## What the task requires:
Please copy out the entries below exactly, beginning with the line that contains "2017 GRAY NISSAN" and ending with the line that contains "Sátira Pale Ale - God save the beer", and include nothing outside that span.

(Provided entries)

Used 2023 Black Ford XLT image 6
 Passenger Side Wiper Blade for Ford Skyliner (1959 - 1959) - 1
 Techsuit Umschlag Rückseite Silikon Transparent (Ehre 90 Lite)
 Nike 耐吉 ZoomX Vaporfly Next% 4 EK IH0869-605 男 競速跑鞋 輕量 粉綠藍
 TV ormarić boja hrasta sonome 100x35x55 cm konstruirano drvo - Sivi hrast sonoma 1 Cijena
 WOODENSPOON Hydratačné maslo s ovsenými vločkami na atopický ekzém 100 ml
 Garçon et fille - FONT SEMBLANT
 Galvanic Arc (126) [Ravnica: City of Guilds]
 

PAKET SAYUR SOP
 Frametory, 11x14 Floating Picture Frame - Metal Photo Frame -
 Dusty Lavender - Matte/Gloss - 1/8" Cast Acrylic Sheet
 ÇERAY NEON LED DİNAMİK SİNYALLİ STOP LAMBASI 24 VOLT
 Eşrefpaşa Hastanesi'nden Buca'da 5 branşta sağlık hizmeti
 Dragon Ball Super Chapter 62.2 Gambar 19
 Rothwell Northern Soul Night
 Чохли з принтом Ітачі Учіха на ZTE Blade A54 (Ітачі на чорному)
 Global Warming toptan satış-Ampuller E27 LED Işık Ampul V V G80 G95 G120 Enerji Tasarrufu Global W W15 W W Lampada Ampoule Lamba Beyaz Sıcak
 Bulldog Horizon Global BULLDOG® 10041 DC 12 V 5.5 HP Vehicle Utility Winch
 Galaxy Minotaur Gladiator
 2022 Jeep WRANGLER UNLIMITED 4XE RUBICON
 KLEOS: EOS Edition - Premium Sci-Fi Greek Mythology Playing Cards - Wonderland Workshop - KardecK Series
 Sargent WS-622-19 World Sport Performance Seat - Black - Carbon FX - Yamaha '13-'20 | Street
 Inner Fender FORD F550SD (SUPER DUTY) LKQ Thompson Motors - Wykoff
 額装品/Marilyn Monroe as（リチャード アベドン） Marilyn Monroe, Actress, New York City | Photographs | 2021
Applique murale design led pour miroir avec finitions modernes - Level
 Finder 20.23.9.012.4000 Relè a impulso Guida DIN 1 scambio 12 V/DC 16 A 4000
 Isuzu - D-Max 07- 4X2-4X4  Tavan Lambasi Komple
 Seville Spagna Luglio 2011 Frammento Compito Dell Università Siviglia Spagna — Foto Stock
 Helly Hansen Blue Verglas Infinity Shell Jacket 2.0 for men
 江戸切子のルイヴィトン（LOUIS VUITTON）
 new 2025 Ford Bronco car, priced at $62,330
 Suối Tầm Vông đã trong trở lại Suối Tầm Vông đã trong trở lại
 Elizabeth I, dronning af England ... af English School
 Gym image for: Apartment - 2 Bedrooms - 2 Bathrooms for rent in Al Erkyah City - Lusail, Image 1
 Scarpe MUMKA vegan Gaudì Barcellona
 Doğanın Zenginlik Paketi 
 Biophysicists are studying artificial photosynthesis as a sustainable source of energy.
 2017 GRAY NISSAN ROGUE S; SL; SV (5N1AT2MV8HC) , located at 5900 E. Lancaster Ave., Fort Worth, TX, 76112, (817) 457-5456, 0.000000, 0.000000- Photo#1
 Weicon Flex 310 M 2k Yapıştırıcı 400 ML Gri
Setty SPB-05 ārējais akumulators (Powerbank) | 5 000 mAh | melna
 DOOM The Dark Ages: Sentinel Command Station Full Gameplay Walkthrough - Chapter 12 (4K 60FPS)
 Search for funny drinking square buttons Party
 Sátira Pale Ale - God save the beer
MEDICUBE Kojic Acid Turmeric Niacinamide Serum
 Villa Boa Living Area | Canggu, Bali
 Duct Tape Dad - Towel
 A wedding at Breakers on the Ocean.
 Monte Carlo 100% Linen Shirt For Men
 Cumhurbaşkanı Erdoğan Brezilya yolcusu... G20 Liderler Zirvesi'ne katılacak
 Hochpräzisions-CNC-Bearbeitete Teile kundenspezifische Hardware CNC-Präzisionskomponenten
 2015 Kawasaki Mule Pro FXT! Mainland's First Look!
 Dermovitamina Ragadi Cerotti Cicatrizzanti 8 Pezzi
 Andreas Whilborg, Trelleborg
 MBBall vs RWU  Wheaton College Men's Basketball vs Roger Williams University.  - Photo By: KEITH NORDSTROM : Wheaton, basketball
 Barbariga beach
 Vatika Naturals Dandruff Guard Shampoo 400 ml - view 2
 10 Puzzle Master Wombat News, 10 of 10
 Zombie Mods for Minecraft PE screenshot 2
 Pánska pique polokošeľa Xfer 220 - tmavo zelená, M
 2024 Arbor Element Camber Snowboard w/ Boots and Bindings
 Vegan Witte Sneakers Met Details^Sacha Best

(End Provided entries)

## Response box:
 2017 GRAY NISSAN ROGUE S; SL; SV (5N1AT2MV8HC) , located at 5900 E. Lancaster Ave., Fort Worth, TX, 76112, (817) 457-5456, 0.000000, 0.000000- Photo#1
 Weicon Flex 310 M 2k Yapıştırıcı 400 ML Gri
Setty SPB-05 ārējais akumulators (Powerbank) | 5 000 mAh | melna
 DOOM The Dark Ages: Sentinel Command Station Full Gameplay Walkthrough - Chapter 12 (4K 60FPS)
 Search for funny drinking square buttons Party
 Sátira Pale Ale - God save the beer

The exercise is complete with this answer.